Power market coupling boosts chance of UK-Norway cable - Statnett

By Nerijus Adomaitis

OSLO (Reuters) - The prospects of building the longest subsea electricity cable in the world across the North Sea have improved after Britain joined the European move to a single power market, Norway's grid operator Statnett said on Wednesday.

Europe on Tuesday unified electricity trading across 15 countries, including Britain and Norway, through a process called market coupling, to ensure that electricity flows from cheaper to more expensive areas.

"Having market coupling, having a liquid spot market in both the Nordics and the UK, is very important for the trade and gives incentives to build the longest subsea cable in the world," Bente Hagem, Statnett's vice-president, told Reuters in an interview.

Statnett and the UK's National Grid have been working on a 1.5 billion to 2 billion euro project to build a more than 700 km subsea cable across the North Sea with a capacity of 1,400 megawatts.

Hagem said plans by the two companies had already included expected gains from Britain's participation in the market coupling with the North Western Europe (NWE) region.

"If we had failed (to implement market coupling) ..., we would have lost about 10 percent of the income" from sales of power via the cable, said Hagem, who has co-chaired the market coupling project.

"That's about 200 million Norwegian crowns (19.4 million pounds) per year for the two cable owners.
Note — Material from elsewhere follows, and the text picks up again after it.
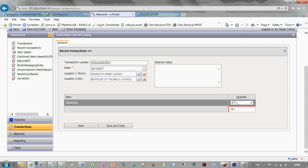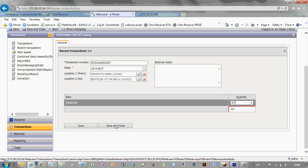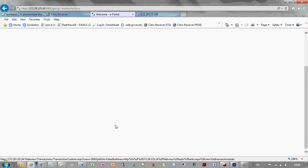To complete the process, click the save and close button. Now the actuals are submitted.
That's a lot of money," she added.

This week power exchanges began calculating day-ahead power prices simultaneously and using the same method across 15 countries from France to Finland, an area covering 75 percent of European power consumption.

The new pricing method calculates power prices and cross-border capacities at the same time, ensuring that electricity flows from cheaper to more expensive areas.

When prices and transmission capacities are calculated separately, flows go the wrong direction about 10-20 percent of the time, because market participants are less able to predict prices.

The UK-Norway cable project still requires approval by the Norwegian government.

Norway's oil and energy minister Tord Lien told Reuters on Tuesday he could support the cable, with the condition that it should be profitable for his country.

The Nordic country wants the interconnection, planned to come online in 2020, to be included in the UK's planned capacity market. That means Norwegian power exporters, similar to British utilities, could be eligible to receive state payments for keeping capacity on standby for times when it is needed.

"To establish a capacity market without interconnectors, the business case is not very good," Lien said.

Discussions with British authorities are ongoing, and both sides are willing to reach an agreement, Statnett's Hagem said.